2-3 became 3-3 moments later as a long ball over the top caught The Vets square. Tatts raced through and showing a coolness that evaded him when some pouting vixen asked him if he wanted a dance at The Red Leopard the previous Friday slotted home to level the score.

It was all one way traffic now. Tony Gilks had been doing a manful job at the back for The Vets but his knee brace which was making Ste McD green with envy was starting to buckle under the pressure. Buttons, possibly deliberately, smashed one over the bar into the garden behind. The lady there had bought a tidy combo from La Senza the previous day for Button’s weekly visit to “ the ball” so was disappointed to see Davlin appear through the fence. It was like expecting Brad Pitt ( OK, slight exaggeration, maybe Tyrone from Corrie ) and getting Jonny Vegas.  It’s Only Words, And Words Are All I Have, To Take Your Heart Away Machell hit a scorching freekick that was clawed away by the keeper and then saw another snapshot somehow held from 6 yards.
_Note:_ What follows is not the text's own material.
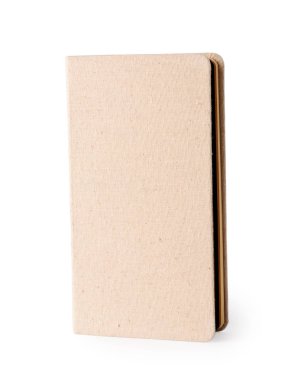 Beyaz arka plan üzerinde izole kapalı defter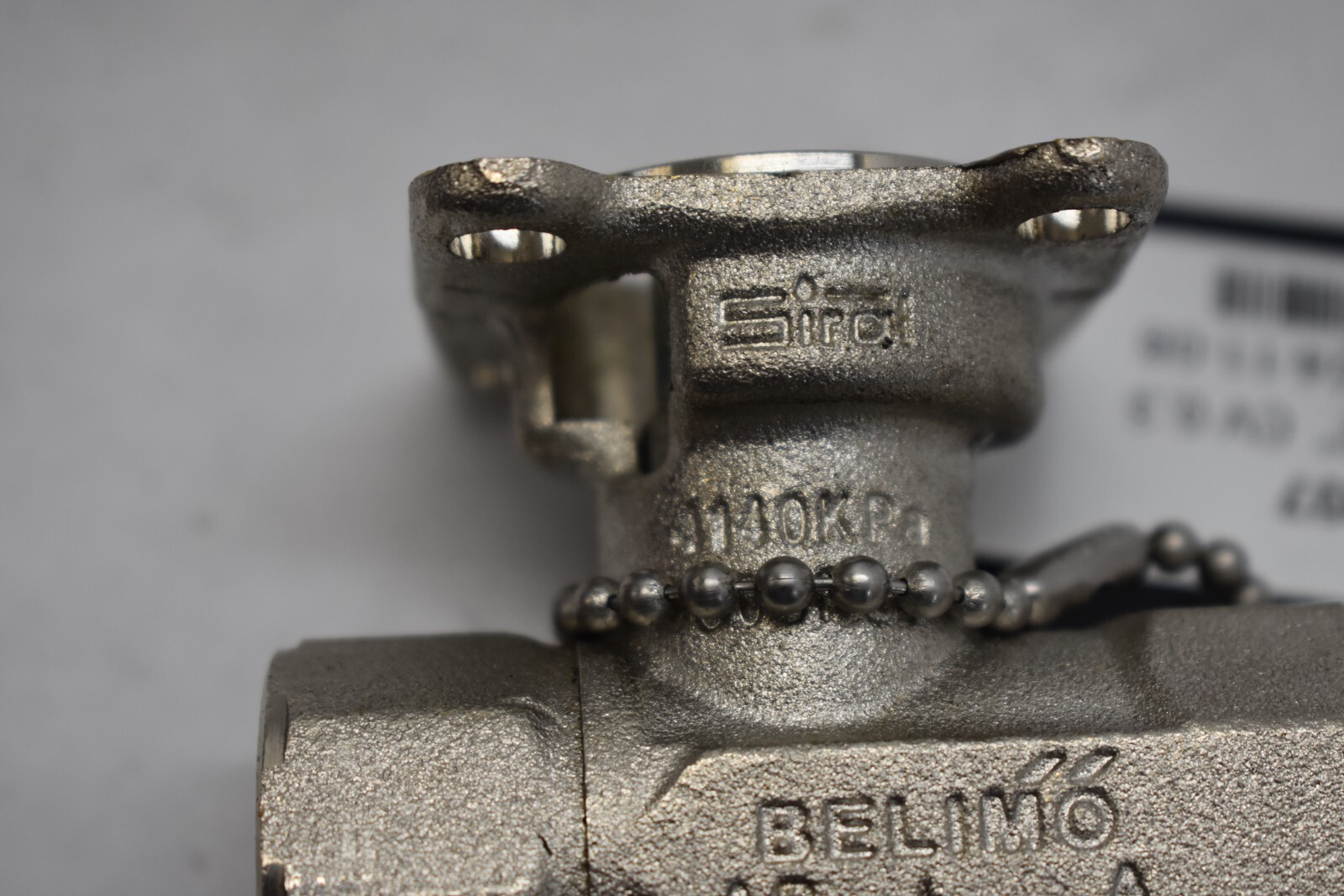 Belimo B207 Actuator Valve CV- 0.3 1/2″ x 1/2″ NPT DN15 600 PSI 4140KPa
The pressure was relentless but time was not on Rose’s side. Corner after corner came and went but the winner never came and the home team’s winning streak came to an end. It was hard to begrudge the visitors a share of the spoils as they had defended well and taken their chances when they came. They should start climbing the table on that performance. As for Rose they travel to Otley Town next week looking for another giant killing in the Cup.

After the game Jimmy was reliving his YTS days as he swept the changing room to a spotless sheen making him second only to Hong Kong Phooey in the world’s best caretaker stakes. A big shout to Andy Davey as well who managed to barter down his subs from about fifty quid to a fiver with Kris after the match. His technique? He pretended he was Scatch. He’d make a good lawyer.

Tasmin Archer should give him a ring.

 

Other News

 

Fire, Fire, Fire, Fire, Pour On Water, Pour On Water - The hunt for the Club Shop Arsonist continues. PC Darren Machell has set up his Headquarters at KFC, Guiseley and commented to the local press, “Does a Zinger Tower have cheese in it? It does? No good. I’ll have the 3 Piece Family Meal instead. I have found a cigarette stub at the scene and this is the cornerstone of my enquiry. I have arrested a local woman who has a history of local crime and had a Number 1 in the 90’s. I think she did it”

 

Charity Case – The Gaffer is quitting smoking to raise money for Children In Need. On questioned why is he taking such a drastic step he muttered evasively as he drove away from the still smouldering club shop, “I just am.Got it?” PC Darren Machell has already donated 100 pounds sterling.

 

What a Jaffa – Del Monte who provide our half time oranges ( or full time if the Gaffer forgets ) have been invited to our next home game as a thank you for their generous support. Ste McD called them last week with the invitation. The man from Del Monte. He said, “Can’t make it bruvver”

 

Get Over It – Dicky Machell has offered to do some copies, for anyone interested, of the  Boyzone back catalogue in light of the recent sad news. “As a mark of respect like. I’ve got some Roxette as well” he proudly announced.

 

Here Again?  – Congratulations to Log who won the Headmasters Barbers Division 2 Supporter of the Year. He was presented with a voucher for Free Haircuts at Headmasters Barbers “for the rest of his life” announced League Chairman and part time barber Derek Perm. “I could do so much with that hair” cooed Derek.

 

You Want Some? – Otley Town Far Right Activists and Hooligans known as “Wrecking Crew” have contacted us to say if any supporters ( or players ) are looking for a ruck to meet them at the local garden centre. In the trowel aisle. They will be there at 10.30am sharp.